It’s certainly possible, even likely, that Fletcher’s acquisitions of Kevin Hayes, Matt Niskanen, and Justin Braun will help the Flyers become a playoff team again. But there’s no guarantee of it yet, and it remains to be seen how deeply Fletcher and Scott will dip into that pipeline of picks, prospects, and young players to satisfy a franchise and a fan base that are hungry to be relevant immediately.

Hextall was often a man on an island in his belief in protecting the Flyers’ future, and Scott left no doubt Thursday that he and Holmgren prefer Fletcher’s willingness to put their vision into practice.

“He’s a collaborative guy,” Scott said. “He’s smart. He’s got a very open style. So I came over, spent a day with Paul, and I was so impressed with the group of people we have there. We have Chuck’s staff there. We have the new coaching staff there. We had the analytics people together.

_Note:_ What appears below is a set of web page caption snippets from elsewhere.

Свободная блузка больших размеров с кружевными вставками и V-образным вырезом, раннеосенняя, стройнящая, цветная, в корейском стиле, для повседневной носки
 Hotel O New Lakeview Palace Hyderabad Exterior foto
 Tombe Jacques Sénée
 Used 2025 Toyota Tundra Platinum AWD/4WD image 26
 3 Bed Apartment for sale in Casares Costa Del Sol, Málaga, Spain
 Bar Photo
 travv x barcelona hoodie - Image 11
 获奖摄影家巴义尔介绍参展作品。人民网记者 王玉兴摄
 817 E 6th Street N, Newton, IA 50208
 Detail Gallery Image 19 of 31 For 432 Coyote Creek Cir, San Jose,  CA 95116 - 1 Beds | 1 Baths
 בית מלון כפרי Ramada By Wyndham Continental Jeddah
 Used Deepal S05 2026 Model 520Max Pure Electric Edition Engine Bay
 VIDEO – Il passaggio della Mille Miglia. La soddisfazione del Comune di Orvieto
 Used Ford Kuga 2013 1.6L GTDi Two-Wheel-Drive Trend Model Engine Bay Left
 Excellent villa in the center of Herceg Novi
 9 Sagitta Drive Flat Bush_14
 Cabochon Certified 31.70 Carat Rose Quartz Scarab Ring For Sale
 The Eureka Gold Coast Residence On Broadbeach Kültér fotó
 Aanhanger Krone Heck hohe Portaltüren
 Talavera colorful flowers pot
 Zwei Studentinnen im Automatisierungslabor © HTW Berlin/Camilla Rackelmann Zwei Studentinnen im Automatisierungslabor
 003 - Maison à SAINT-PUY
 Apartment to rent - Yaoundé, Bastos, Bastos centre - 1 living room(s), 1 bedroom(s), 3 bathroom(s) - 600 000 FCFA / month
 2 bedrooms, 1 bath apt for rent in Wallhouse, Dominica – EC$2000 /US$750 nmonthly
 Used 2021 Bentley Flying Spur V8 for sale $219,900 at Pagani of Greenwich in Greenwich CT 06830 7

It was something I hadn’t seen in the six years I’d been here: full collaboration and everybody agreeing on what moves we were going to make.”

That collaboration – that lockstep thinking that long characterized the franchise – will extend beyond the offices in Voorhees. It already has. Bob Clarke advises Fletcher. Bill Barber advises Scott. Holmgren isn’t leaving the area.

“I’ll be available for Dave whenever he needs me or wants to talk about anything,” he said. “Same with Chuck.”

The Flyers are back to the way they used to do things. Maybe it will work again, more than 44 years since the last time.